**What to produce**
Without the pictures, set down the records below word for word.

**Dataset content**
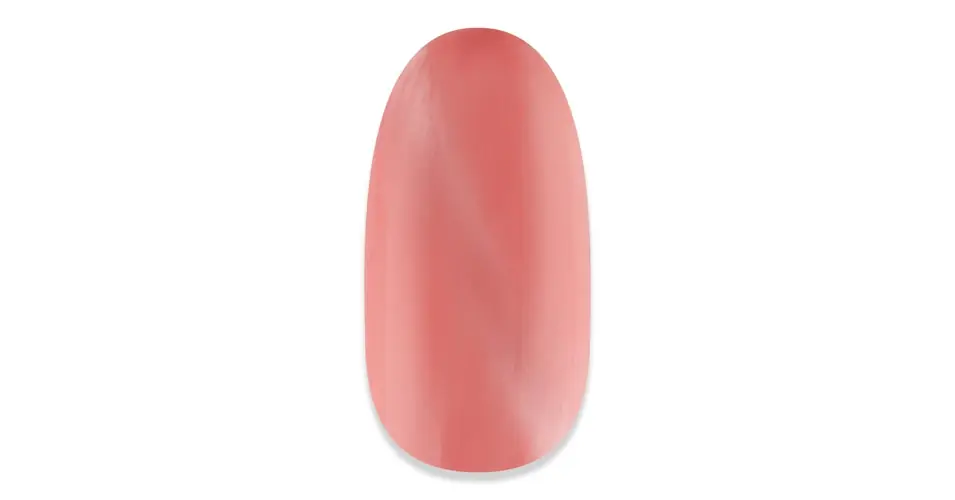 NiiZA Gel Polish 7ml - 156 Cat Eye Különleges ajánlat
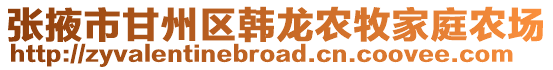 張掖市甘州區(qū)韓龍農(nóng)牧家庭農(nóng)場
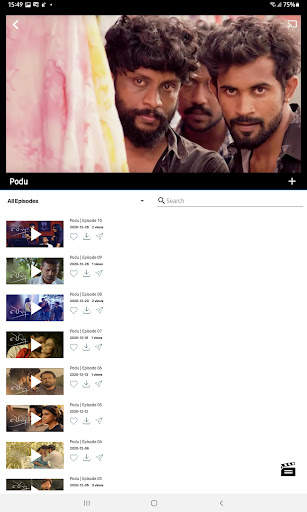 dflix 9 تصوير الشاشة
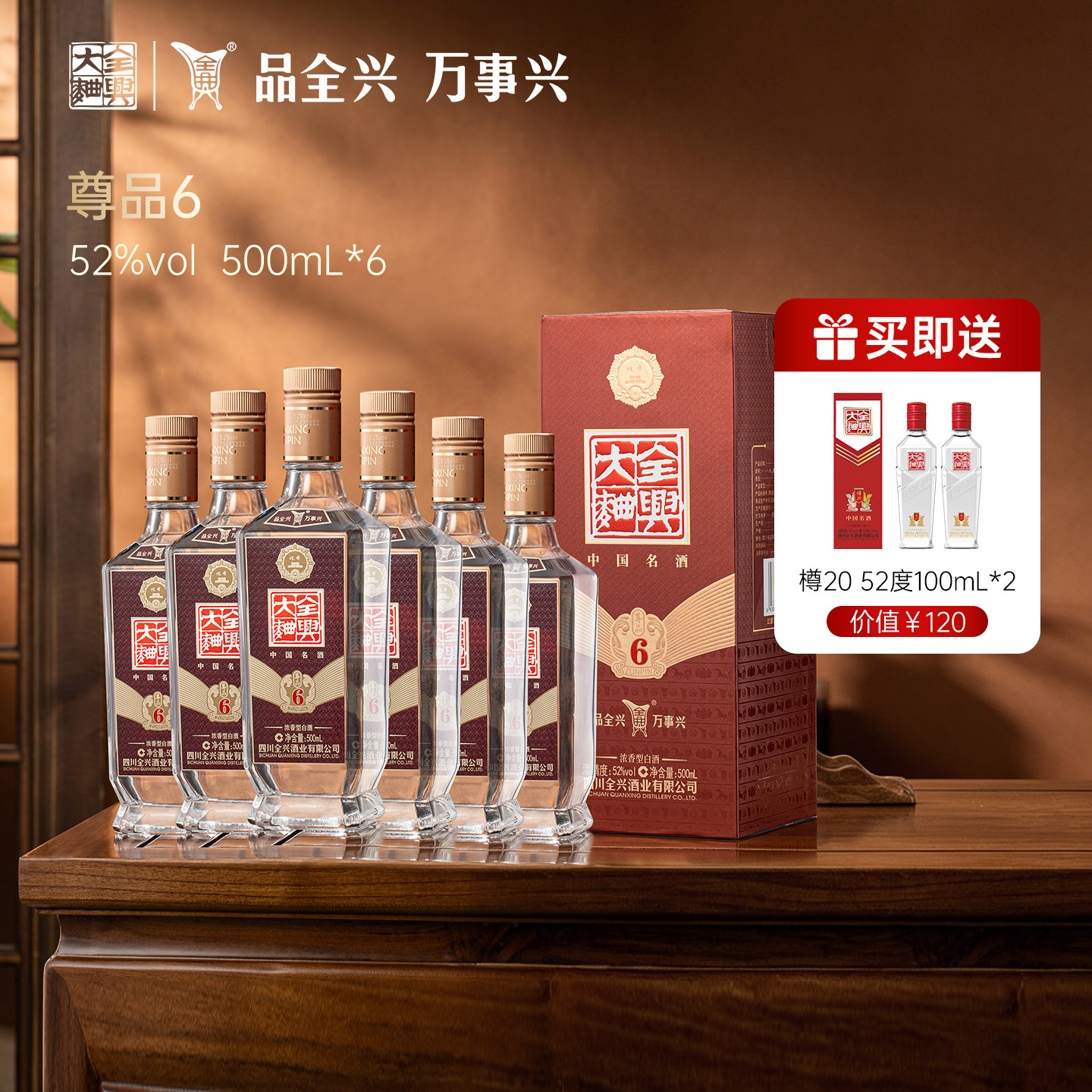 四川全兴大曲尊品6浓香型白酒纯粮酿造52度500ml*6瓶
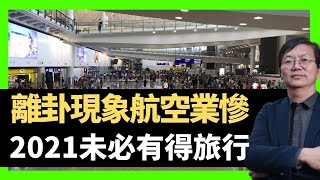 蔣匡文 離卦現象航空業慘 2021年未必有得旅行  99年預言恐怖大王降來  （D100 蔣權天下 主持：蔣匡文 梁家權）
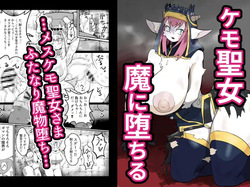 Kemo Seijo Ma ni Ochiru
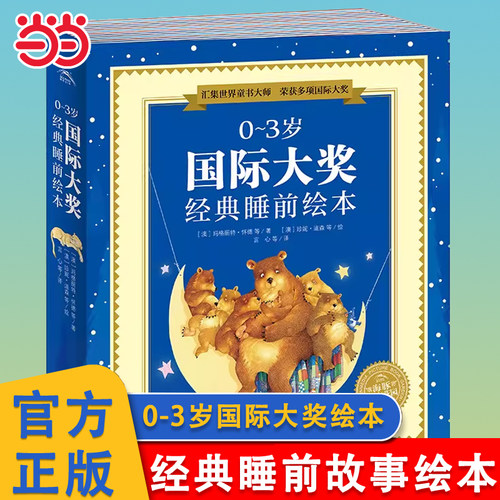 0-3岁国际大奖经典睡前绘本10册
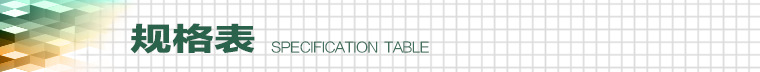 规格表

**Task solution**
 NiiZA Gel Polish 7ml - 156 Cat Eye Különleges ajánlat
 張掖市甘州區(qū)韓龍農(nóng)牧家庭農(nóng)場
 dflix 9 تصوير الشاشة
 四川全兴大曲尊品6浓香型白酒纯粮酿造52度500ml*6瓶
 蔣匡文 離卦現象航空業慘 2021年未必有得旅行  99年預言恐怖大王降來  （D100 蔣權天下 主持：蔣匡文 梁家權）
 Kemo Seijo Ma ni Ochiru
 0-3岁国际大奖经典睡前绘本10册
 规格表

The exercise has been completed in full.